Wednesday, May 25, 2011

Rainbow Socks & Tap Shoes

Saw Follies at the Kennedy Center with Allie this afternoon, in honor of her graduation. Still not sure if I love the show - I think the big songs are better as stand alones than part of the plot. It's a good concept, and I LOVED the Follie girls walking around the theatre as ghosts of the past. Sometimes they were more interesting to watch than the "modern" day actors. Absolutely gorgeous sad-clown-esque makeup on each of them, and their sequined costumes were absolutely incredible.

Sunday, May 15, 2011

Quack.

I turn into such a lame duck after I get off work. Shoulda gone out to this cook out with people I haven't seen in awhile. Instead, I'm staying home to watch the Survivor finale (shut up.) by myself. If it hadn't been pouring rain after I got changed, I probably would have gone. I mean, I'm all changed, my hair is done, all I need is to put shoes on and get out the door. It's just so much hassle to get down to NY Ave and walk the three block to his place. I spent all day yesterday shmoozing with people I hardly know (or didn't know at all until yesterday)... I just kinda wanna do my own thing tonight.

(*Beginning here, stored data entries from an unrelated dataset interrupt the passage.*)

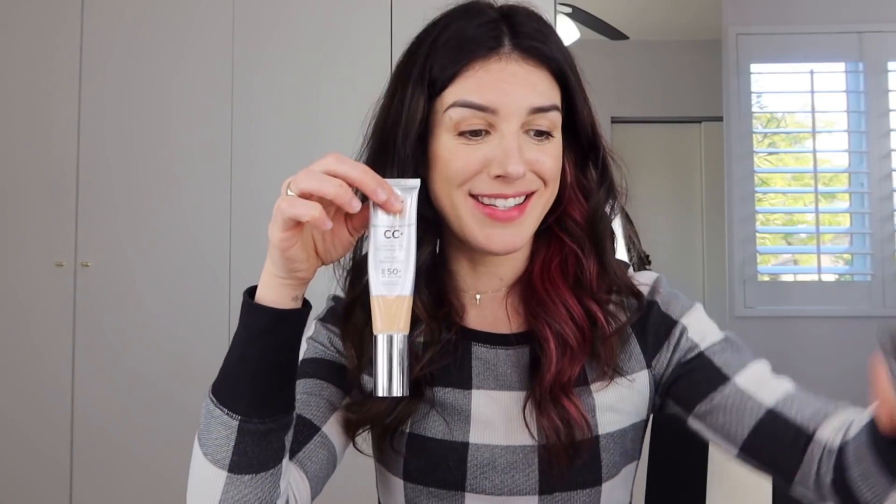I got a bunch of these when I was on my Dior Nude Air kick — these are a more affordable dupe from NYX, the Total Control Drop Foundation. It was a pretty good dupe, not quite as good as the Dior Nude Air, but if you want to save a lot of money, this is definitely the way to go. And here's my fifth or sixth bottle of It Cosmetics CC Cream — this is clearly my favorite foundation to use.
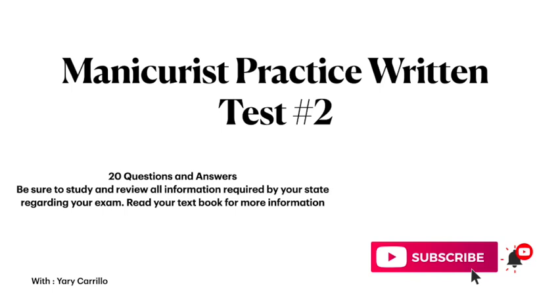Manicurist practice written test 2. 20 questions and answers. Be sure to study and review all information required by your state regarding your manicurist written exam. Please read your textbook for more information.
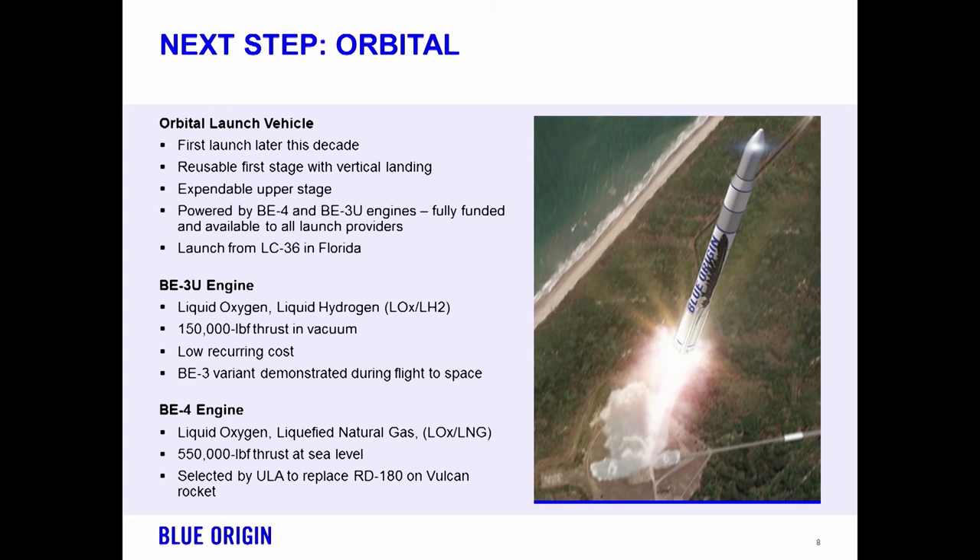Next steps: orbital. Suborbital has never been the end goal for Blue Origin — it's always been to put people into low Earth orbit and take them beyond. As a company goal, we want to put millions of people into a position where they're living and working in space someday. Last month, we announced we're opening a third site separate from our Washington and West Texas sites: an orbital launch vehicle manufacturing and operations center in Cape Canaveral, Florida. The launch pad will be at LC-36, a historic pad that the Atlas II used to fly out of, and we'll be building the manufacturing site at Exploration Park, just outside the Kennedy Space Center gate.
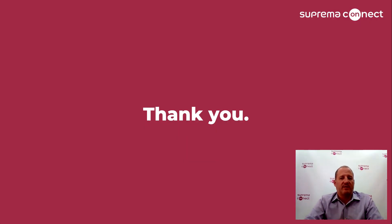Thanks for joining us for this quick introduction to some of the advantages of Suprema's CoreStation Biometric Access Controller. Please visit our website at SupremaInc.com for more detailed information, or contact your local sales representative. Please join our other online and live sessions here at SupremaInc.com for Connect 2020. Thank you.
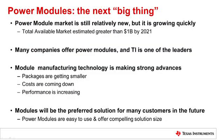In general, the power module market is still quite new, but it is growing very quickly and expected to reach a total market size of $1 billion by 2021. TI is a leader in this space and we are committed to driving module technology forward by reducing package size and costs and improving performance. We firmly believe that modules will be the preferred solution for many of our customers, thanks to their ease of use and their performance in terms of power density, so we encourage you to think whether they fit for you and your application.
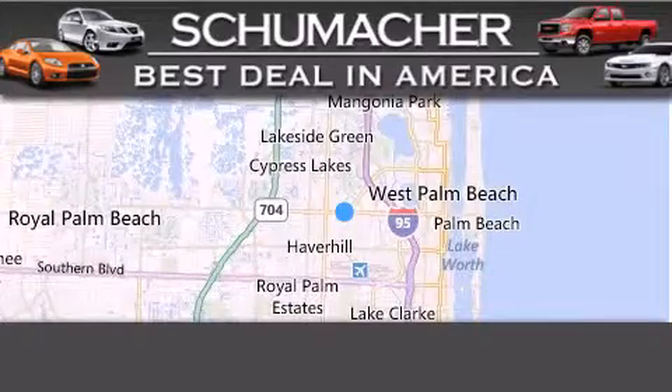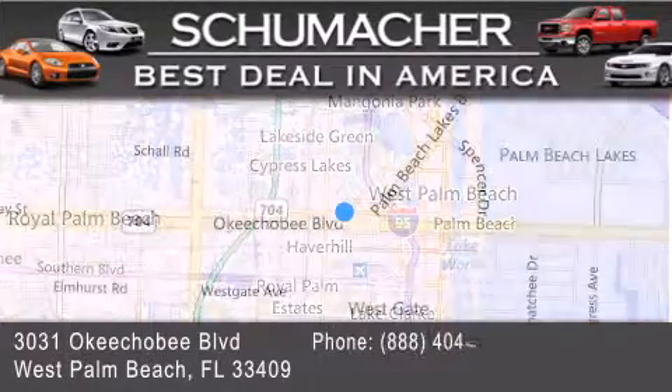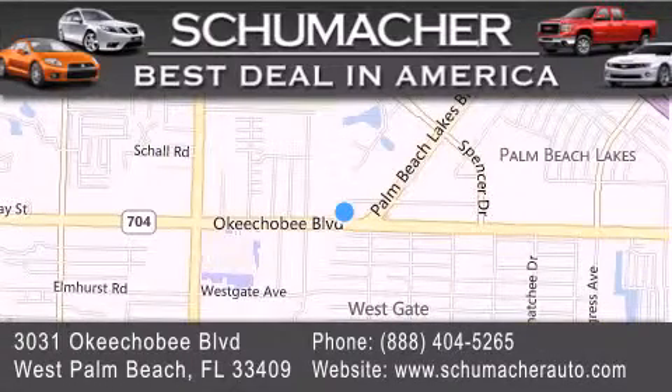Thank you for considering Schumacher Auto Group for your next luxury vehicle. If you have any questions, please visit our website, give us a call, or stop by our dealership located at 3031 Okeechobee Boulevard in West Palm Beach.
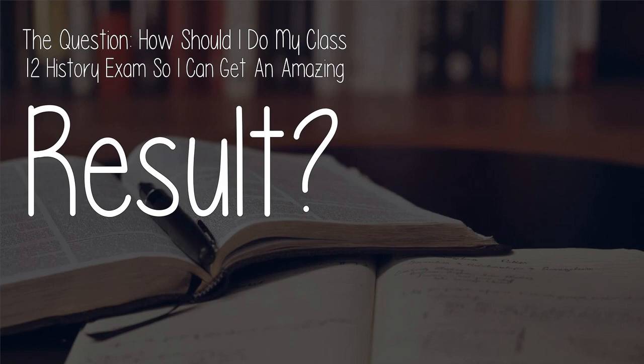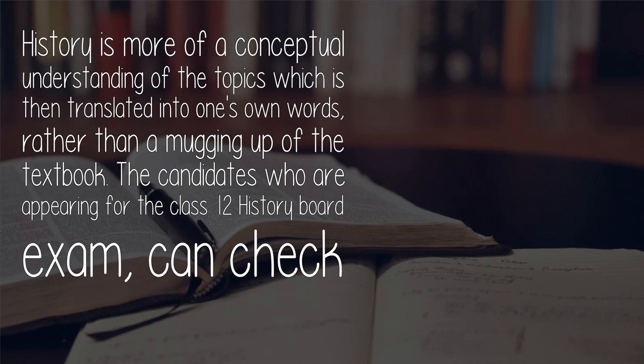The question: how should I do my Class 12 history exam so I can get an amazing result? History is more of a conceptual understanding of the topics, which is then translated into one's own words, rather than a mugging up of the textbook.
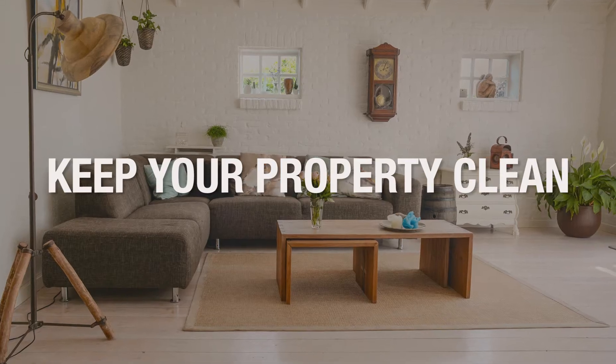Number one tip, when it comes to your time, energy, and money, is honestly just keep your property clean when you're looking to sell it. People want to see that the property is nice and that the people they're buying from have taken good care of the property they might be buying.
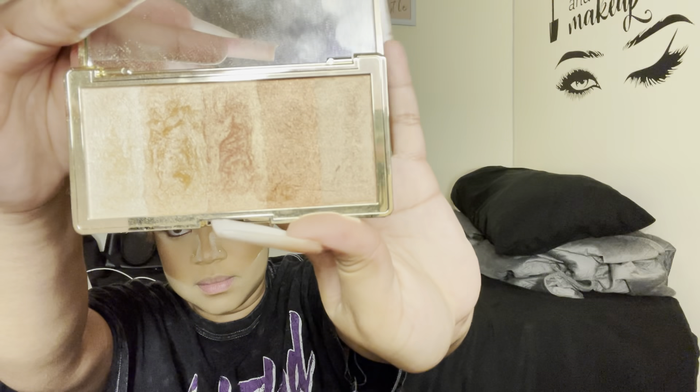Lately for my highlight I have been using this Glodient palette — it's so pretty. I use a second shade here, let's check it out.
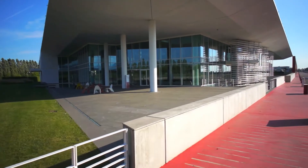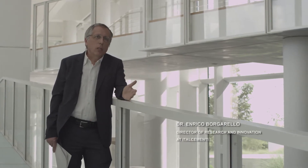We're in the i.lab. We develop the Italcementi Group Research and Innovation Center. The center brings together all the research and innovation competencies of the Italcementi Group.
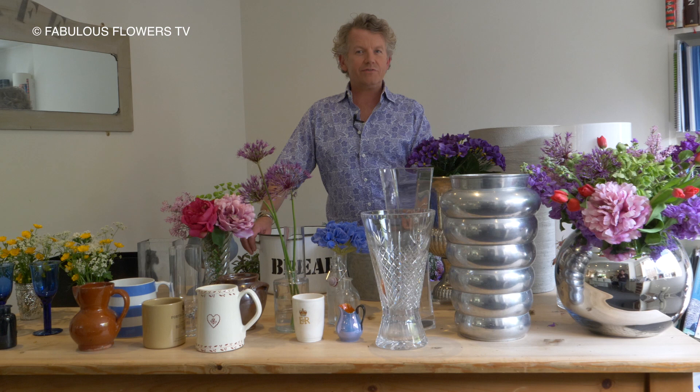Vases, vessels, cash flows — have you got too many? I'm going to talk to you about the five you need in your cupboard. So, without further ado, we're going to start with our showstopper vase.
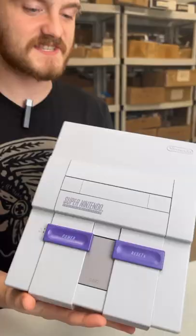Wow, look at this. Complete facelift. It doesn't even look like the same console. This is what you get with the cleaning service here at DK Oldies.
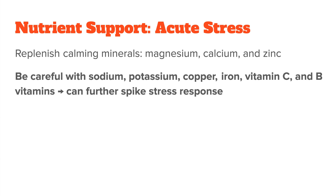The same caution applies to other nutrients used during acute stress — like sodium, potassium, copper, iron, vitamin C, and the B vitamins. Even though they are used during acute stress, that doesn't necessarily mean you need more of them. If you start supplementing high doses, that could actually increase your body's energy production even more and therefore spike your stress further. For these nutrients, I would test first and then see if you actually need them.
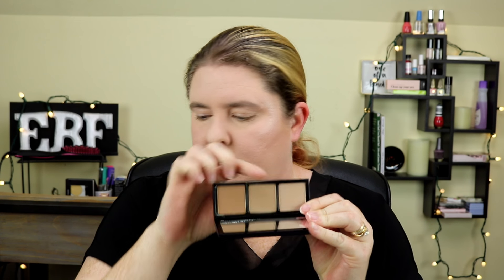I'm using the Cover FX translucent powder and the Fiona Styles light-to-medium sheer sculpting palette for contour. I'm using the Nars unfiltered blush and for highlight I'm using the Pixi x Aspinobard glowy powder in London Luster.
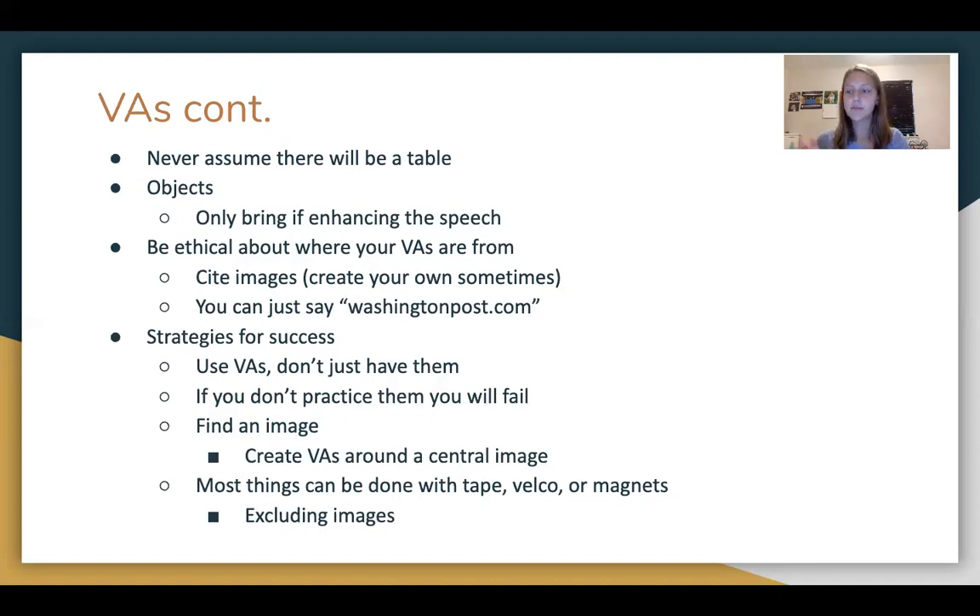You can also bring objects in for VAs — one person brought in a ukulele, which can be really cool. But going back to VAs demanding necessity: only bring an object in if it's going to enhance the speech. If you're bringing it just for the sake of having a cool object, you probably don't need it and it's kind of distracting for the audience. For citing your VAs, you need to be ethical about where they're from. A lot of people will just put the title of the website — like they'll cut out a little strip of paper that says WashingtonPost.com. This especially applies if it's a huge picture or graphic. If you made your own graphic, you don't need to cite it. But if it's an image, print a little strip of paper with the source URL and paste it on the bottom so you're properly citing it.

I woulda been totally down with going to hang out for the afternoon if I hadn't had work. Would have loved to sit around and chill and grill and chat. But Christian called to say they were pretty much done with the actual grilling. That they were still sitting around hanging out, and they were looking forward to seeing me, but... I dunno. I haven't eaten yet. I don't really wanna eat a cold burger, or make anyone get up and go to the trouble of putting another on the grill just for me. So it's easier to just stay home and make my own dinner.

Clearly, I'm over-analyzing this whole situation. Part of it boils down to my thinking tonight about how many false friends I have. How many people will smile and say hey when they see me around, but don't really care one way or the other how I am, or if I show up to hang out or not. Like all the people still in CP who I have zero desire to go back and visit, because they'd already started treating me like I was invisible when I was still there. Like all the people in my prom group in high school. Like all of the people in Matt's grade who I used to think were my friends, too, but turned on me as soon as we broke up.

I'm in such a strange mood tonight. Self loathing, loneliness, regret. Part of me wants to pack a bag and drive and just get away for a little while. But that wouldn't help in the long run, would it. It'd just bury all this crap under a thin layer of dirt until it rains and it all gets drudged up again...

Thursday, May 5, 2011

My Job is a Dementor.

It's sucking my soul out. Little by little, piece by piece.

I love working in theatre. I love working for my non profit theatre for young audiences. So when I took a job at a much larger, grown up theatre in the area, I thought I would just get to do what I love, but for an older audience. I couldn't have been more wrong. At Big Theatre, it's not about the people coming to see the shows.

Well, it is. But it's not about what they think of the show, and that they had a good, enjoyable experience. It's that they paid us to come see the show. Yes, the production values of the shows are top quality, and yes, I've enjoyed everything I've seen there this season, but that doesn't seem to be what matters. It's all about making the money, winning the awards, and making the money.

At my Little Theatre, we share stories with coworkers about the little kids we saw at the performance, or taking the class, who were absolutely beaming with excitement. Work is encouraged to be a fun place, in addition to a place where you do your job. Every couple of weeks, I see emails about ice cream socials that take place in place of formal staff meetings. Yes, of course, it's still about making the money to come out above our budget line, but sometimes getting the money is allowed to come in second to making the customer happy, and keeping them coming back. Big Theatre is just so corporate, that sometimes it's hard to believe they still fall under that not-for-profit heading. It seems like the art, and the experience are secondary. All they're out to do is make the buck.